Humble Wolf grows harder together

How the Roseville band’s sound gets heavier with every release

Slight resemblence to humble wolves.

Slight resemblence to humble wolves.

PHOTO BY JON HERMISON

Check out Humble Wolf at 9:30 p.m. Friday, July 29, at the Opera House Saloon, 411 Lincoln Street in Roseville. Tickets are $5. Learn more at www.humblewolf.com.

Jayson Angove isn’t very good at sitting still. Aside from playing in his band Humble Wolf, he also performs as a solo artist and drums for Thunder Cover. Not that long ago, he was in five bands.

He insists that he saves his best material for Humble Wolf, though. The driving force behind his debut solo record, 2015’s King of Vacant Spaces, was to record the music that wasn’t quite good enough—or rocking enough—for Humble Wolf.

And certainly, Humble Wolf has made a noticeable splash in the local scene in the past few years. The Roseville band played to 5,500 people at Concerts in the Park in May, and to twice that number while headlining Deschutes Brewery’s Street Pub in Midtown last November.

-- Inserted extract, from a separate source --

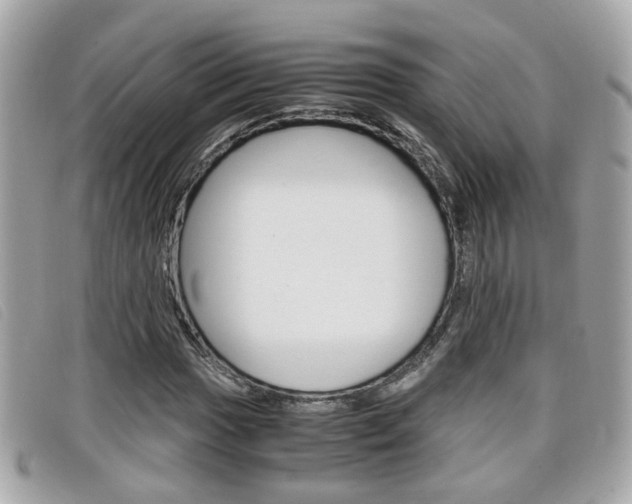 X0000099311017200805020727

Angove attributes some of the enthusiasm to the band’s hard sound: moody, riff-heavy and guitar-driven, similar to Foo Fighters, Led Zeppelin or Tool. This is a big change from Humble Wolf’s more indie debut, Paper Thin, from 2012, which Angove recorded by himself with friend Paul Bates on drums. Now, on the cusp of putting out its third release, Fiction For Liars, Humble Wolf has solidified the thickly distorted powerhouse energy that now drives the band’s music.

“The first Humble Wolf record has some pretty mellow stuff—we’ve never played those songs,” Angove says.

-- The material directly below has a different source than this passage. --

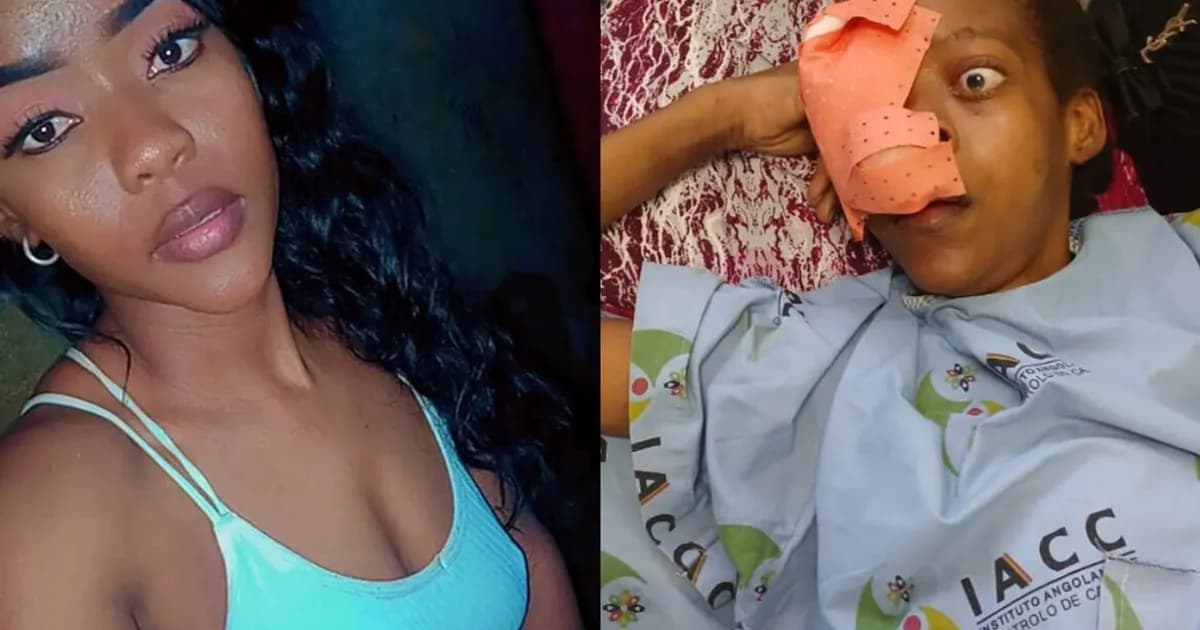 Jovem com tumor maligno agressivo nas narinas clama por ajuda médica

The group beefed up its sound with its sophomore album, Black And White. Fiction For Liars, which should be released by the end of the year, is similarly driven by brutal guitars and big-sounding drums. The biggest difference? While Angove wrote Black And White, the members of Humble Wolf—Angove (vocals, guitar), Chris Winger (guitar), David Albertson (Bass) and Jesse Sherwood (drums)—worked together on Fiction For Liars. The result is a more concise, dynamic album with stronger chemistry.

“When I write a song, I know what I would do on drums, bass, keyboards, guitar and vocals,” Angove says. “When you have multiple people working on a project, fun surprises you may not have thought of can appear, and most of the time they do. It is becoming more of a multidimensional project.”

On Friday, July 29, at the Opera House Saloon in Roseville, Humble Wolf will release its first single off Fiction for Liars, “Number.” While the rest of the album is packed with hard rockers, “Number” shows the group’s range, particularly for folks unfamiliar with the more scatterbrained Paper Thin.

Of course, the circumstances for that record were much different. Angove got a surprise call from Bates in 2011, who showed a friend some of Angove’s earlier recordings, which impressed him so much that he flew Angove to Indiana to record an album for his label, Unboxed Records. This became Paper Thin.

“I had just lost my job so anything sounded good at the time,” Angove says. “I got flown out to Indiana to record in a huge studio. I felt like a rock star for two to three weeks.”

Almost immediately upon returning to Roseville, Angove called up some friends to make Humble Wolf a live, working project.

It’s all about timing, and so far Humble Wolf has had its share of good luck in that respect. When Angove got the call to go to Indiana, he was considering quitting music altogether.

“I felt like I didn’t know if I can do this anymore,” Angove says. “Maybe I’ll just do this for fun. … It’s funny how the human mind works because that’s not where I’m at anymore.”